Addio è breve e finale.
“Una parola dai denti aguzzi che mordono la corda che lega il passato al futuro“, continuava poi la frase. Quel legame tra il passato e il futuro è l’affetto di due fratelli, di Elliot e Darlene. Entrambi hanno vissuto il dramma della loro infanzia e ambedue si proiettano in un futuro arido di speranze in cui la parola ‘addio’ è un rischio improvviso e concreto.
Se il futuro è in bilico con il passato Elliot ha già fatto i conti. Lo ha accettato, caricato sulle spalle. Quel passato Elliot lo porta sempre con sé nell’immagine così viva e interattiva di Mr Robot, del suo eterno bisogno di controllo. Sì, perché Mr Robot è nient’altro che il prodotto di un bambino che perde suo padre per logiche imperscrutabili.
Mr Robot è sicurezza, potenza, volontà di imporsi laddove gli eventi risultano sconvolgenti e incontrollabili. È tutto quello che Elliot non riesce a essere da solo. Eppure, neanche in questo instancabile compagno c’è la certezza. La certezza è un’illusione davanti a un mondo troppo complesso e caotico per piegarsi a un hackeraggio.
Quel controllo sfugge.
Sfugge irrimediabilmente non solo a Elliot ma a tutti i personaggi di Mr Robot. Sfugge a Whiterose che “perde un tempo”, perde così l’amore e si riscopre nel suo desiderio di potenza, nella volontà di piegare il tempo al suo comando. E in questo episodio sfugge con angoscia a Dominique DiPierro. La ragazza non ha affetti, non ha il controllo della propria vita. La sua interiorità langue nell’umido degrado della sua casa.

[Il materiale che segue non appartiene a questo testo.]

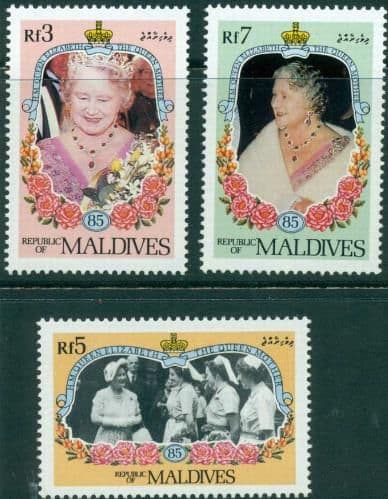 Maldives 1985 Queen Mother Life and Times Set Fine Mint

In sottofondo risuona Total Control dei Motels. Venderei la mia anima per un controllo totale. Risuona l’illusione e la speranza disperante di una donna che vorrebbe entrare in possesso della propria vita. E che invece è in balia di se stessa e della Dark Army che la soffoca, la annega, le ordina: “Smettila di dimenarti così tanto. Perderai il controllo più in fretta in questo modo. Lasciati andare. Rinuncia al controllo. Renditi conto che non sarai mai libera“. Così il controllo sfugge. Dominique annega in una vita che non sa indirizzare.

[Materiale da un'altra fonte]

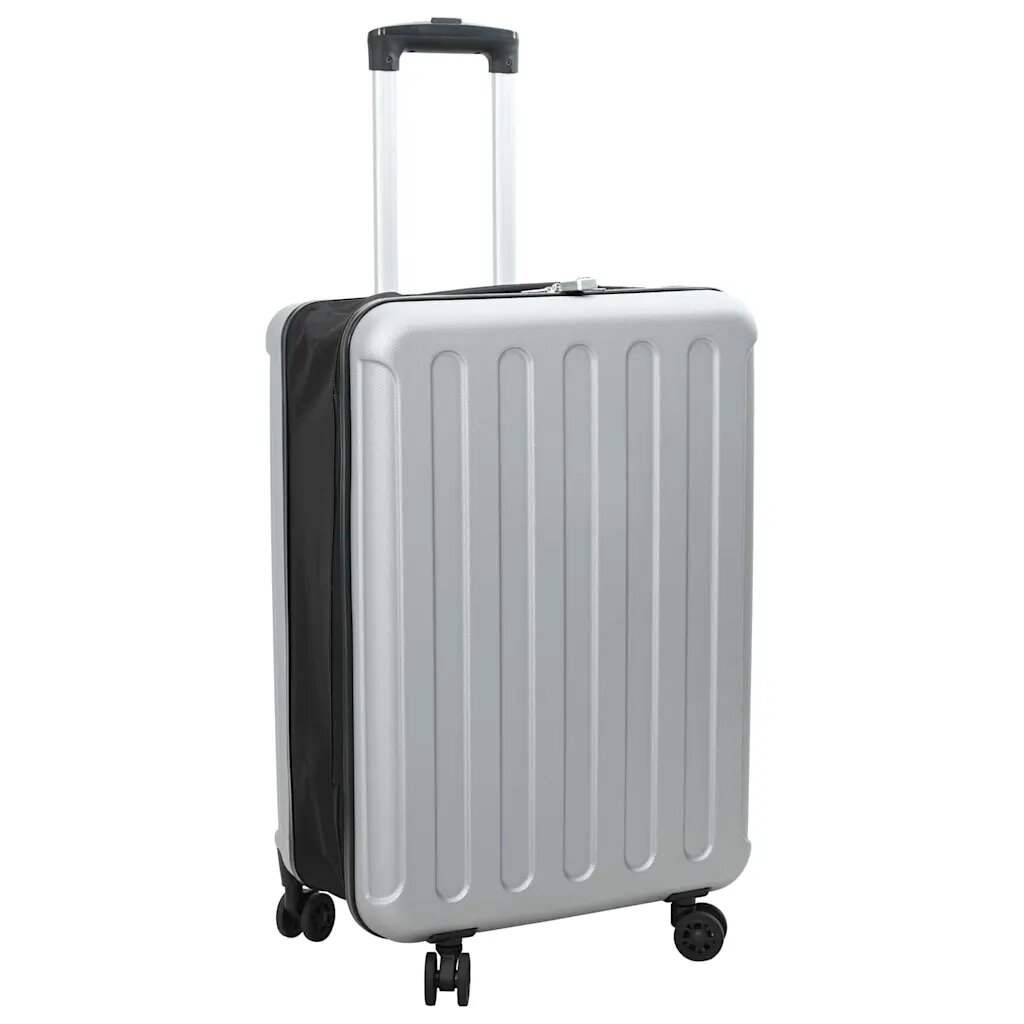 vidaXL Куфар с заключване Сребрист 43 x 27 x 66 см ABS пластмаса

Fuori rotta vagano tutti in Mr Robot. Persi nelle speranze e nelle delusioni. Elliot e Tyrell compiono un giro su se stessi, tornando al punto di partenza. Il lugubre suono di un’anima morente fa da sfondo al loro smarrimento. Anche Darlene avanza incerta, verso mete che non gli appartengono. Lei che ha perduto tutto e cerca solo l’affetto di un fratello troppo chiuso al mondo per poterla amare.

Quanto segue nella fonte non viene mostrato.